Ada pula yang mengatakan agar si anak kelak bisa selalu bersih seperti belut
yang walau hidup diantara lumpur tidak terkotori sama sekali. Namun belutnya
sendiri termasuk salah satu makanan panas selain durian, ikan gabus, kepiting
dan maja yang pantang dikonsumsi ibu hamil.

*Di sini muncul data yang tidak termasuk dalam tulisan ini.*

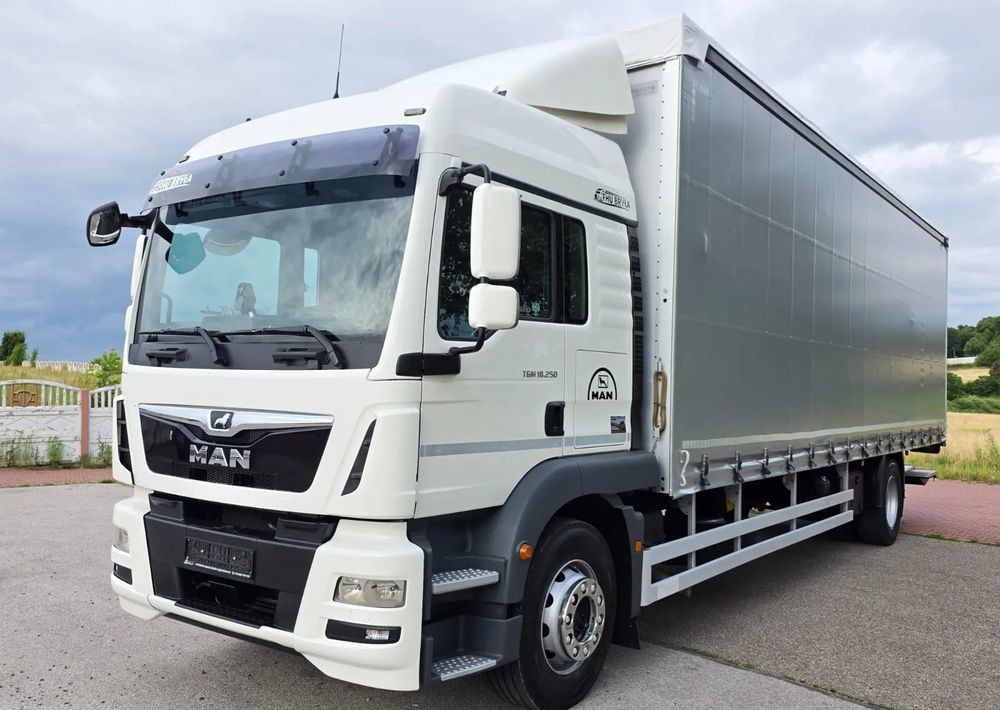 MAN TGM 18.290 / 18.250 /E6 / 22 PALETY / AUTOMAT / ZSUWANY DACH ORAZ BOKI / 9700 ŁADOWNOŚĆ / SERWISOWANY / NISKI PRZEBIEG / WINDA / FIRANKA / SPROWADZONY / 2019 / 335 TYŚ PRZEBIEG / PIERWSZY WŁAŚCIC - Камион со церада: слика 1 MAN TGM 18.290 / 18.250 /E6 / 22 PALETY / AUTOMAT / ZSUWANY DACH ORAZ BOKI / 9700 ŁADOWNOŚĆ / SERWISOWANY / NISKI PRZEBIEG / WINDA / FIRANKA / SPROWADZONY / 2019 / 335 TYŚ PRZEBIEG / PIERWSZY WŁAŚCIC - Камион со церада: слика 1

Saya inget banget, jaman dulu belut akan dimasak dengan cara dibakar terlebih dulu pada tungku batu (pawon). Tentunya ditusuk dulu ya, bukan dilempar-lemparin ke tengah tungku seperti yang pernah saya lihat dipraktekkan Ibu' saya. Setelah dibakar, barulah dibersihkan dan dimasak seperti yang diharapkan. Rasanya memang jauh lebih membuat dejavu dibanding jika digoreng.
KINI
Apapun, apalagi di saat ini bisa saja jadi tren. Belut mungkin salah satunya.
Pasar luar negeri pun kabarnya kerap membeli belut dari negeri kita. Mereka
konon lebih menyukai belut asap. Hmmmm, ini memang lebih menyehatkan sih
dibanding jika digoreng.
Di Purbalingga, meski
sepertinya baru satu warung tenda belut, namun tak pernah sepi pengunjung.
Inilah awal perkenalan (kembali) dengan belut setelah saya urbanisasi dari
dusun kecil itu. Rasanya memang agak beda. "Sebenernya yang gurih itu belut sawah",
kata anak muda yang diawal saya sebut. Dia memang tengah menggeluti usaha jual
belut hidup dan sembelihan. Usaha yang terus naik trennya. (Ket foto : Mas Inyong dengan menu belut olahan Dapur Bunda Ficky)
Mas Inyong, begitu ia menyebut
dirinya, sengaja berkeliling sampai ke pelosok Bhumi Perwira (bahkan kadang
nyebrang Kabupaten) untuk mendapat belut sawah yang dicecarnya. "Biasanya
ukurannya kecil-kecil. Saya beli dari hasil orang-orang ngobor", tambah
dia. Ada pula yang ukuran besar seperti halnya ular. Namun sangat terbatas
jumlahnya. Dan dengan tingkat kepraktisan manusia jaman sekarang, dia pun
menerapkan layanan delivery order. "Dalam kota (Purbalingga) minim 1/2 kg. Pinggiran minim 1
kg. Kabupaten tetangga ya minim 3 kg lah. Pesennya minim sehari sebelumnya,
kecuali dalam kota", terangnya. Harganya pas saya cek sih lebih
miring ya. Lumayan kan bisa hemat tapi tetep sehat.
Dengan menggandeng Dapur Bunda
Ficky, Belut Mas Inyong mengundang saya dan beberapa insan radio untuk
mencicipi bermacam menu. Beruntung kali ini Rica-rica belut-nya masih bisa
ditoleransi.
Tidak terasa pucuk tumpeng
dipiring saya dengan lauk tonseng belut, rica-rica belut, belut sambel ijo dan
belut teriyaki (iki lawuhane gur
sa'sendok per menu lho) sudah ludes. Mungkin mereka sudah sibuk arisan
manis dalam perut. Sore itu pun berakhir. Menyisakan aroma kenangan sambel
belut yang dibakar di tungku rumah Eyang saat kecil.